I have a cousin who is the World’s Best Hugger. Amazingly enough, his wife is a fantastic hugger too. I wonder if that’s what drew them together…but I digress (as usual). He has this ability through a few moments of contact to just make a person feel like the world isn’t such a scary place, and in the end everything is going to work out fine. At first I thought it was just that he’s pretty much always been my favorite. However, recently in talking to a few other people who know him I’ve found that no, it’s not just me. It seems to be a common feeling among those who get his Hugs.
So what is it that engenders this feeling? I think it boils down to one thing—he means them. He doesn’t just Hug to hug. It is a true desire to connect with others and express care. I believe that genuineness (is that a word??) can literally be felt. I’ve been thinking about other people I get Hugs from. Big Hugs from children are generally one of my favorite things.

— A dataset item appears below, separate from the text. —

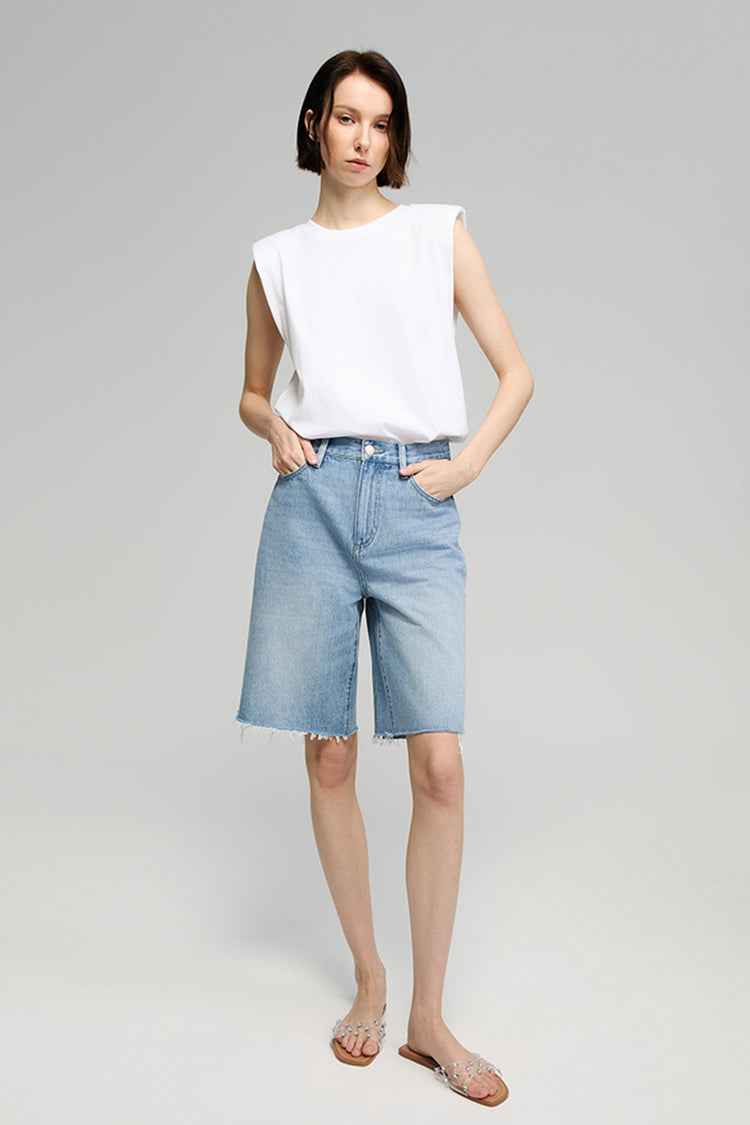 Coastal Breeze 90's Style Bermuda Shorts Model HJ807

Because they are sincere. They don’t have an ulterior motive. They don’t have an agenda. They Hug because they are glad to see you and like you. I have a friend who doesn’t like people touching her. But when she DOES give you a Hug, it’s a really nice one, in part because you know that she means it, and she gives it her all.
I’ve been told that my Hugs are very comforting. Perhaps because I’m squishy. Perhaps because I’m a fan of giving them. Or, perhaps it’s because I believe in The Power of The Hug. It’s a new theory I’m refining that takes us back to the comfort of childhood. Where anything in the world that was wrong could be helped by the comfort of our Mom folding us into her arms. It was a time where Dad could pick you up and completely envelop you with his strength and you knew that you were safe and loved. Most adults lose that contact with their parents to some degree—if not completely. Personally, still a fan of Hugging my parents, but now-a-days I’m taller than Mom and Dad’s arms don’t quite envelop like they did when I was 6.
Still, I think we all have a need to feel that sense of comfort that only a Hug can provide. It’s a wonderful, warm feeling that can bring you up when you’re down and make a good day GREAT. Best part is it’s free to give or receive. What more can you want?
So to my cousin I say THANK YOU for being you. I hope I can bring to others the same caring contact you seem to always bring to me.